Published January 16, 2014

“Babette’s Feast” and “The Dead,” acclaimed director John Huston’s last film, are among the offerings in the spring 2014 edition of the Buffalo Film Seminars, the popular, semester-long series of film screenings and discussions hosted by UB faculty members Diane Christian and Bruce Jackson.

Each session of the Buffalo Film Seminars (BFS) will begin at 7 p.m. on Tuesdays, beginning Jan. 28 and running through May 6, in the Market Arcade Film and Arts Center, 639 Main St. in downtown Buffalo.

There is no screening on March 18 due to spring break.

Christian, SUNY Distinguished Teaching Professor in the Department of English, and Jackson, SUNY Distinguished Professor and James Agee Professor of American Culture in the Department of English, will introduce each film. Following a short break at the end of each film, they will lead a discussion of the film.

The screenings are part of “Film Directors” (Eng 438), an undergraduate course being taught by the pair. Students enrolled in the course are admitted free; others may attend at the Market Arcade’s regular admission prices of $9 for adults, $7 for students and $6.50 for seniors. Season tickets are available any time at a 15 percent reduction for the cost of the remaining films.

Free parking is available in the M&T fenced lot opposite the theater’s Washington Street entrance. The ticket clerk in the theater will reimburse patrons the $3 parking fee.

“Goldenrod handouts” — four-to-eight-page notes on each film — will be posted on the seminar’s website the day before each screening, and will be available in the Market Arcade lobby 45 minutes before each session.

The series will open on Jan. 28 with Josef von Sternberg’s classic gangster film “Underworld.” Philip Carli will accompany the movie on the electronic piano. The 1927 film, which won an Academy Award for screenwriter Ben Hecht, presents the romantic triangle between a boisterous gangster, his girlfriend and the alcoholic lawyer the gangster helps rehabilitate.

The remainder of the BFS schedule, with descriptions culled from the IMDb online movie database:

  • Feb. 4: “Orpheus,” 1950, directed by Jean Cocteau. Orphee is a poet who becomes obsessed with Death (the Princess). They fall in love. Orphee’s wife, Eurydice, is killed by the Princess’ henchmen and Orphee goes after her into the Underworld. Although they have become dangerously entangled, the Princess sends Orphee back out of the Underworld, to carry on his life with Eurydice.
  • Feb. 11: “The Life of Oharu,” 1952, directed by Kenji Mizoguchi. The story of the daughter of a 17 century samurai.
  • Feb. 18: “Charulata,” 1964, directed by Satyajit Ray.

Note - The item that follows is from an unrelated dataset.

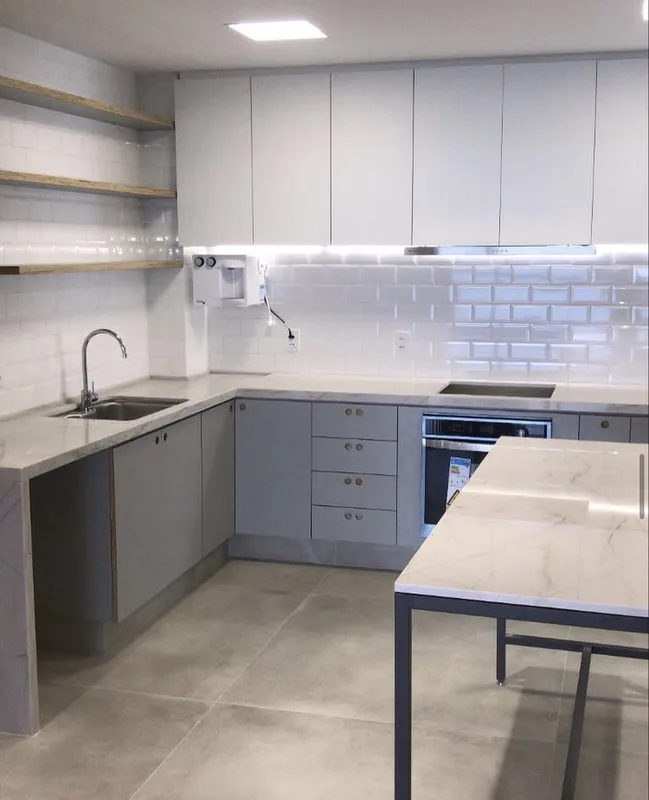 Apartamento reformado pela Si.Go no Sudoeste com acabamento de alto padrão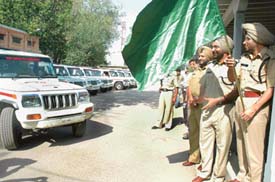 SSP A.S. Rai flags off new Bolero Jeeps for police stations in Ludhiana here on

The lonely wife of a newspaper editor in 1870s India falls in love with her visiting brother-in-law, who shares her love for literature.
  • Feb. 25: “Dry Summer,” 1964, directed by Metin Erksan. A Turkish tobacco farmer dams a river to irrigate his own property and run his competitors.
  • March 4: “Two-Lane Blacktop,” 1971, directed by Monte Hellman. The story of two men drag racing across the country in a ‘55 Chevy. Dennis Wilson is the mechanic; James Taylor is the driver.
  • March 11: “Killing of a Chinese Bookie,” 1976, directed by John Cassavetes. A proud strip club owner must come to terms with himself as a man when his gambling addiction gets him into hot water with the mob.
  • March 25: “Vagabond,” 1985, directed by Agnes Varda. The film traces the final weeks of a young woman found frozen in a ditch in the south of France.
  • April 1: “Babette’s Feast,” 1987, directed by Gabriel Axel. French refugee Babette is taken in by two sisters living with their pastor father in an isolated 19 century Danish village. After the father dies, Babette prepares the feast of a lifetime to celebrate what would have been the father’s 100 birthday. Winner of the 1988 Academy Award for Best Foreign Language Film.
  • April 8: “Vanya on 42nd Street,” 1994, directed by Louis Malle. New York actors rehearse Chekhov’s “Uncle Vanya” in a rundown theater.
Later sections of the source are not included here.